As a communications professional, I spend a lot of time thinking and talking about social media, to say nothing about the time I spend actually running digital campaigns for clients. It’s safe to say I know a lot about how to be successful in the digital space. A year ago, I would have told you I had it down pat. Then, I had a kid. And suddenly, I was thrust into a whole new digital social space. I’ll spare you the horror stories of the sorts of things that get posted on mommy forums and in private new mom groups, but suffice it to say: I learned A LOT. Here are three things that are actually applicable to you:
1) Be Authentic.
Before I had my daughter, I swore up and down that I wouldn’t be one of those women who turned their feeds into a constant stream of baby photos and parenting articles. I had an established, diverse, thoughtful digital presence that I worked hard to build. “Women who fill their platforms with baby-related ‘stuff’ are so one-dimensional,” I scoffed. One year later, I can tell you this: all I post are baby photos and parenting articles. And I’m ok with it because I realized that your digital persona, whether you are an individual or a company, should reflect who you actually are. As any first-time parent can tell you, that kid shows up and takes over your whole life. Right now, at this point in her tiny, fragile life, being a parent is the dominant thing I “am.” My digital brand reflects that. It’s not one-dimensional– it’s honest. People can spot disingenuous brands a mile away. Be authentic; tell your story, whatever that is.
2) Actually Target Your Target Audience.
Literally the day after I had my daughter (or maybe it was 2.5 seconds after I posted about her for the first time), someone somewhere flipped the “mom” button on my profiles. Suddenly I was inundated–and I mean inundated— with ads, articles, and solicitations about babies and their products, causes and groups. I had joined the ranks of arguably the most coveted target audience for every online marketer everywhere: moms. But here’s the thing—“moms” is a really broad general category. About the only thing we all have in common is that we have a tiny human appendage. I am a 35-year-old Caucasian, urban, liberal, working mother who trolls for homemade baby food recipes and orders automatic grocery refills online. The things I care about, respond to, and want to see in my news feeds are not the same thing that other moms in different demographics want to see. Yes, we all love our children, no that does not mean we all want to buy-your-product-sign-your-petition-donate-to-your-cause. Don’t be lazy PR professionals. Take the time to segment your audience and target your communications appropriately. Otherwise, not only will you not convert me, you’ll piss me off and turn me against your brand.
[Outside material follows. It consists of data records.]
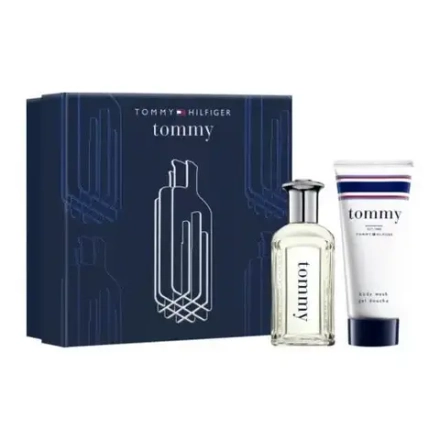 Подарочный набор для мужчин Tommy Hilfiger с парфюмерией и аксессуарами 30 мл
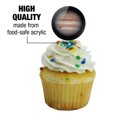thumbnail image 3 of Planet Jupiter Solar System Cupcake Picks Toppers Decoration Set of 6, 3 of 6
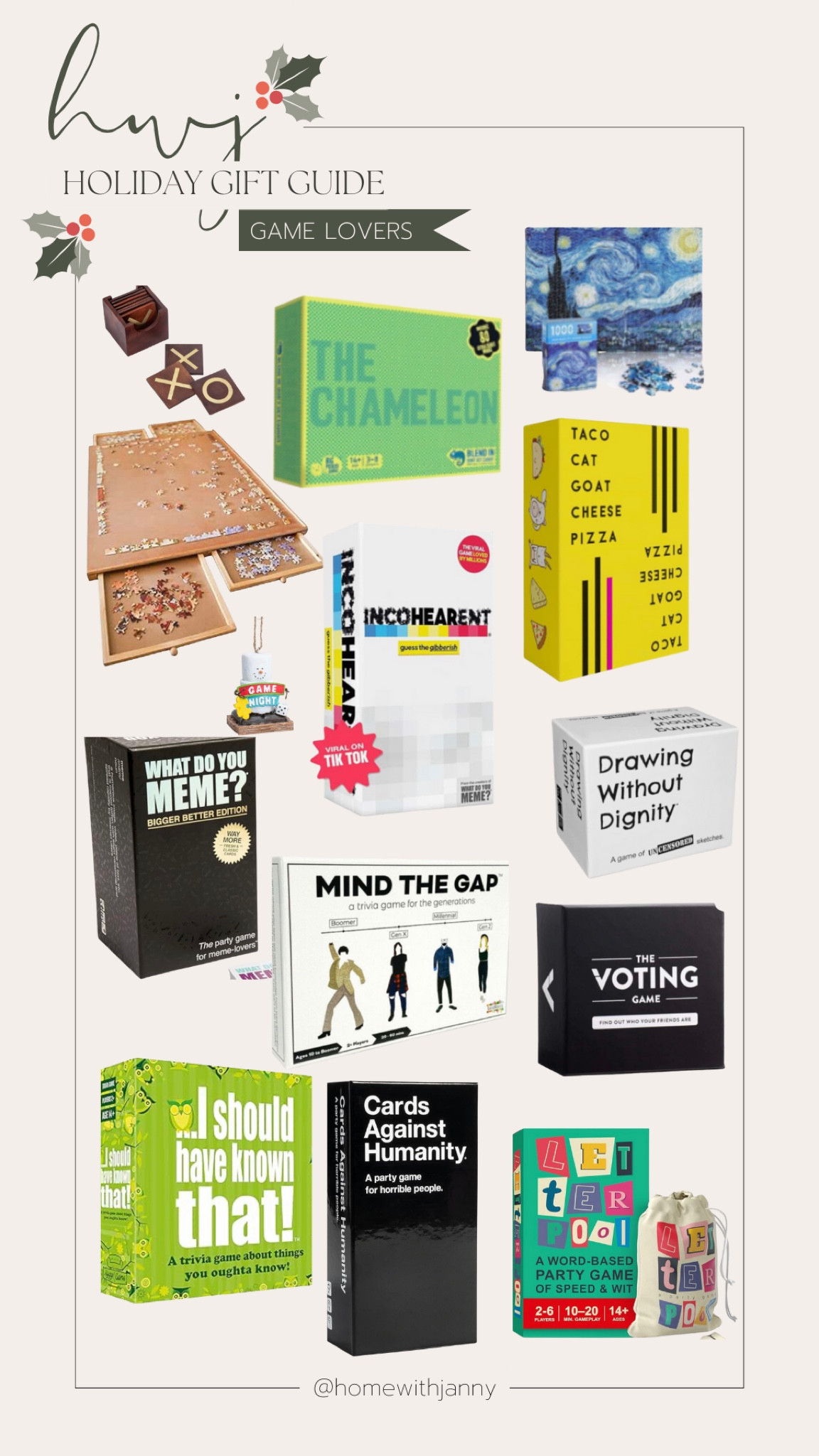 Holiday Gift Guide - Game Lover

#LTKGiftGuide #LTKHoliday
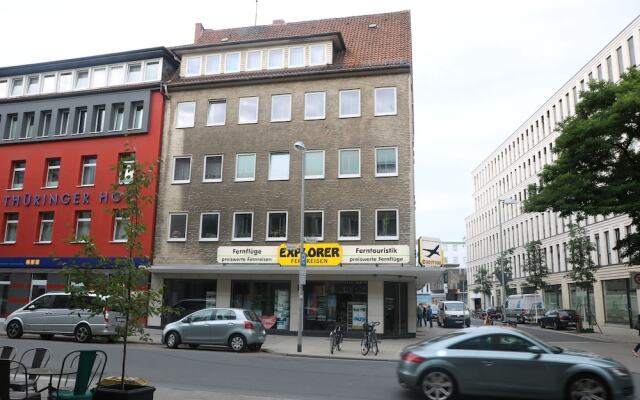 City Apart Hotel Center вид на фасад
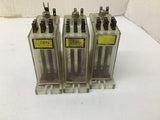 AEG HB RHM1003 Auxiliary Relay Lot Of 3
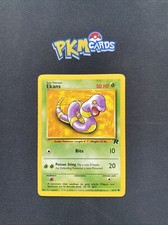 Pokémon TCG Ekans Team Rocket 56/82 Regular MP.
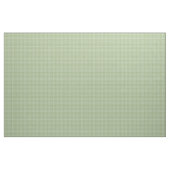 Staubgrün kariert stoff (Yard (91,4 cm))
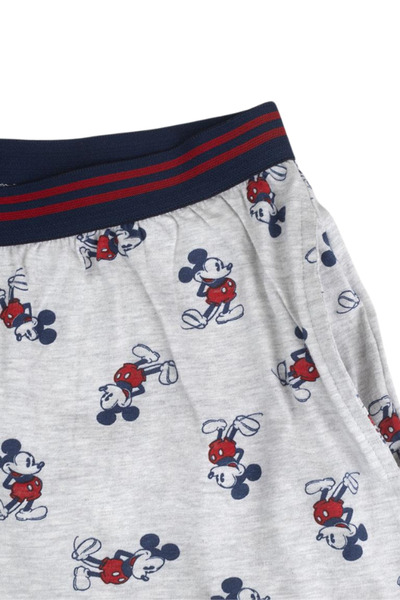 Mickey Mouse Men's short-sleeved pajamas, multicolor, size S, Mickey Mouse, Disney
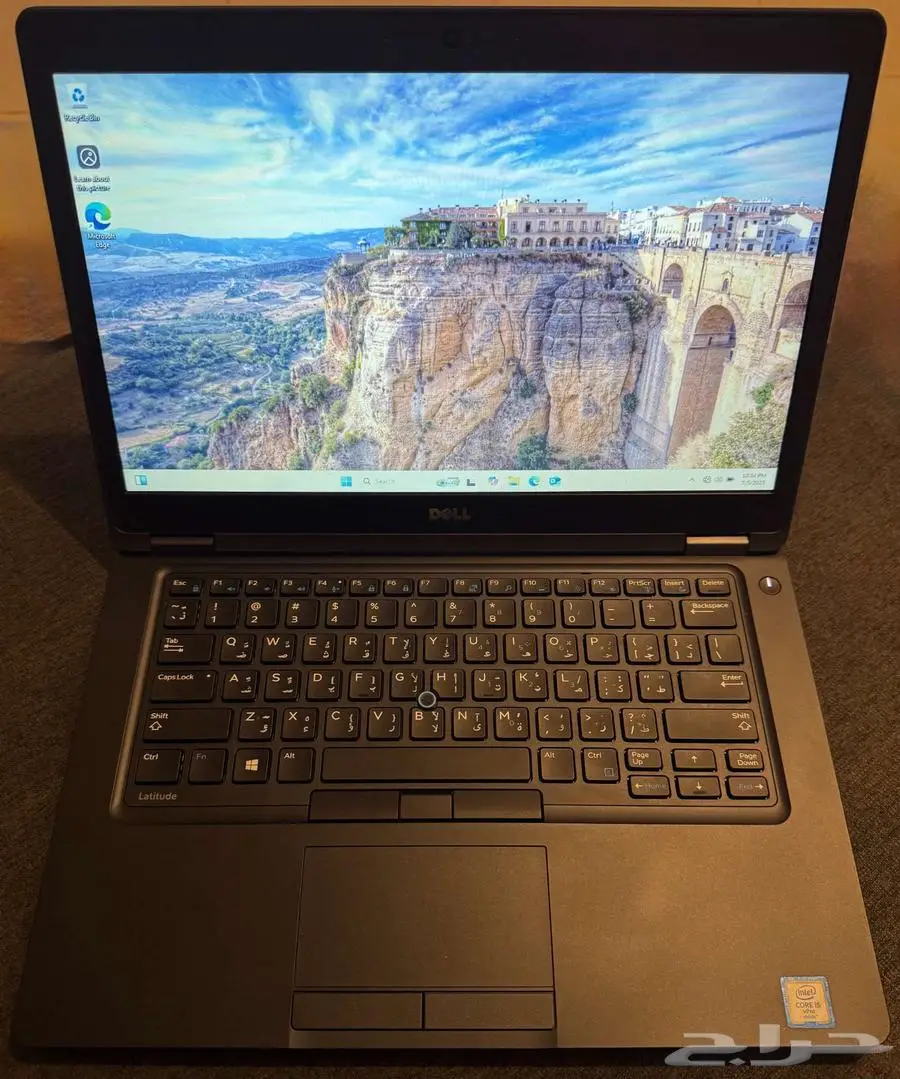 لابتوب ديل i5 نظيف  512 جيجا  16 جيجا رام 0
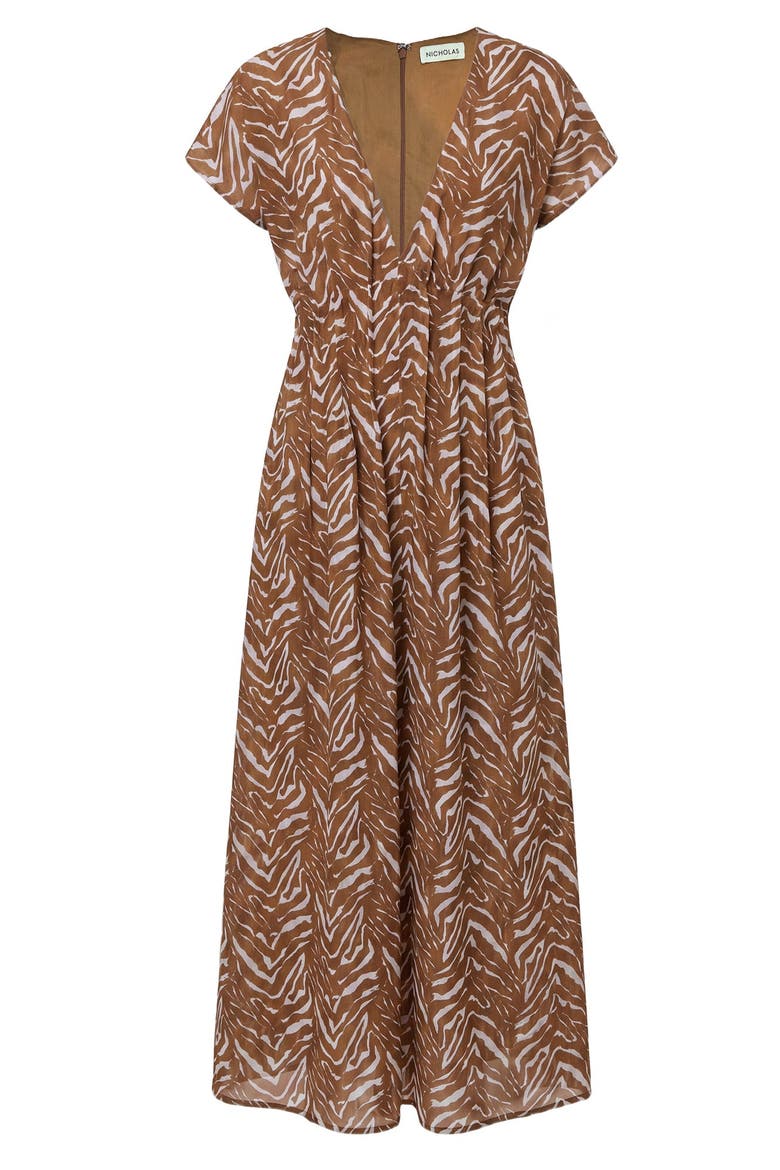 Marley Dress, Alternate, color, Abstract Animal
3) Quality Outranks Quantity.
Before I had a baby, I was a real stickler for daily posts on my various platforms. And then I entered the haze of maternity leave where my “free” time, such that it was, was hijacked by desperately seeking sleep, not posting. My consistent social presence was blown out of the water. Now, I’m much more focused on sharing things that will resonate with my audience than I am with posting every, single day. And guess what? My engagement rates shot through the roof. It might be the cute baby pictures, but I think it has more to do with giving my audiences material that actually resonates with them, rather than making sure my brand is in their feeds every day. Sometimes we get so focused on brand presence (being in the right place) that we forget the real goal is brand engagement. Digital campaigns are about interacting with your audience. The best way to do that is to give them useful content they want to do something with. Throwing up 25 tweets a day and crossing “social media” off your to do list does not make a successful social media campaign.